Me preparo para atravessar a cidade. Busco um lugar para me sentar, recupero o fôlego, ajusto meus fones de ouvido e dou play na música. No mesmo ritmo em que o motorista liga o ônibus, libera a catraca de passagem e começa outra rota no 3055, às 12h50, numa sexta-feira comum.


A música começa a tocar, e as rodas do ônibus, a girar. A rota inicia passando pela avenida Sinfrônio Brochado, e segue pela avenida Olinto Meireles, parando em outros sete pontos. O ônibus logo começa a ser ocupado por um grupo de estudantes com uniformes do colégio Santa Rita, quatro senhoras, um casal de adolescentes, um homem de meia-idade e duas mulheres.


À medida que o ônibus para, também paro minha música no fone. Apesar do silêncio dentro do veículo, a vida do outro lado da janela está agitada.


A rota chega à rua Caetano Pirri, onde há um sacolão movimentado. Várias pessoas fazem compras, ao som de um locutor que diz: “Sexta-feira maluca, banana prata por 1,69 a unidade. Não perca!”.


O ônibus segue pela longa avenida Waldyr Soeiro Emrich, que está com muitos carros, motos e ônibus. Conto sete pontos nesse trecho, o ônibus para cinco. Duas vezes, para descer passageiro; três, para entrar outros tantos.


Os pontos estão vazios, há poucas pessoas. Seguimos pelo Anel Rodoviário Celso Mello Azevedo, agradeço pelo trânsito tranquilo (como a música ‘Estado de Poesia’ do Chico César, que começa a tocar no meu fone).


O ônibus segue pela BR-356, e praticamente todas as pessoas descem no ponto do BH Shopping. Do lado de fora, há gente de todas as idades e estilos.


Duas mulheres de meia-idade, saia longa e uma mala de viagem à frente conversam tranquilamente. O jovem todo de preto, com blusa de frio e touca, apesar do sol, se senta e mexe no celular.
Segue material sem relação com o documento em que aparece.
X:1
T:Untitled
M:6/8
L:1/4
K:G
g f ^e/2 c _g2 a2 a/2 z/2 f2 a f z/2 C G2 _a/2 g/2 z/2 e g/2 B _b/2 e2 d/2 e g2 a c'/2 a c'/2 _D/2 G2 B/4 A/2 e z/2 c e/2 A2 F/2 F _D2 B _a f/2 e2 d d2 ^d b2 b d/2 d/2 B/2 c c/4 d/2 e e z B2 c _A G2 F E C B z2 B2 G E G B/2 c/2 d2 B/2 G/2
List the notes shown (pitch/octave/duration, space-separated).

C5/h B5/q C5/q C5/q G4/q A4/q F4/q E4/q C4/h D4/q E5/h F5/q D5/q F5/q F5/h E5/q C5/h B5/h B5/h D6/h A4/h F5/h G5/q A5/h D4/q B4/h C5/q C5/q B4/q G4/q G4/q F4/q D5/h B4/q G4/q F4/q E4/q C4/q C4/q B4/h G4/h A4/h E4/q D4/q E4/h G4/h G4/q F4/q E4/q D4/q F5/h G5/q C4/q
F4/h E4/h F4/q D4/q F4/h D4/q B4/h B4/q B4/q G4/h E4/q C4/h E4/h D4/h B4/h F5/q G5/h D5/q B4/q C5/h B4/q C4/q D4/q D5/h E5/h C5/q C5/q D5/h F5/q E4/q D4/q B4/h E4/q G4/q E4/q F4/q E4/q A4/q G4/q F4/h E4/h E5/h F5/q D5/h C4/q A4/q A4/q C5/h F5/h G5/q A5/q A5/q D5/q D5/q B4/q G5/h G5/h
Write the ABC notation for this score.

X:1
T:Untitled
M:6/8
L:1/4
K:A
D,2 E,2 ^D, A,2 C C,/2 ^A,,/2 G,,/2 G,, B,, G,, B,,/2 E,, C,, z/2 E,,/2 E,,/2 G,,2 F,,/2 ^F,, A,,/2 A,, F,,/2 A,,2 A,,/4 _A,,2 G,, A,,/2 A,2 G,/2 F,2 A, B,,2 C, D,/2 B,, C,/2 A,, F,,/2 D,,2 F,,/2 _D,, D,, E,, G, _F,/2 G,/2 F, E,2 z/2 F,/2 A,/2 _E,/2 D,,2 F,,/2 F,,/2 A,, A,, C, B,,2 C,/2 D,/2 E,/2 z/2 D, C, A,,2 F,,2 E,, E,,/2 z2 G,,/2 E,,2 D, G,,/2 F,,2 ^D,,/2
Uma mulher na faixa dos 40 anos está parada, com uma sacola na cabeça, olhando para frente.


Há, também, muitas pessoas indo e voltando, entrando e saindo de outros ônibus, que também compõem o cenário do principal ponto da linha 3055, a partir do Barreiro.


O ônibus dá partida. Ligo meu som novamente. A rota segue pela avenida Nossa Senhora do Carmo. Paramos ao sinal vermelho. Olho para o lado e vejo um homem de meia-idade, sentado na parte de trás de um carro velho, com a porta aberta e as pernas para fora. Fuma uma pedra de crack. Olho pra ele. Ele me vê. E entra para dentro do carro. Faço o que posso, rezo e torço para que ele se livre logo das drogas.


Logo depois, dou pause na música, tiro meus fones, desço na avenida Afonso Pena e sigo em direção ao meu estágio, na Getúlio Vargas.


Durante todo o trajeto, vejo pessoas de todas as idades e todos os estilos. Alguns vivem um dia extraordinário, outros, apenas mais um dia ordinário; outros tantos, um péssimo dia. Cada um vive sua vida, segue, seguindo, sua rota, e a fazer sua trilha sonora. Algumas mais animadas; outras, calmas, mas todas importantes de sua forma.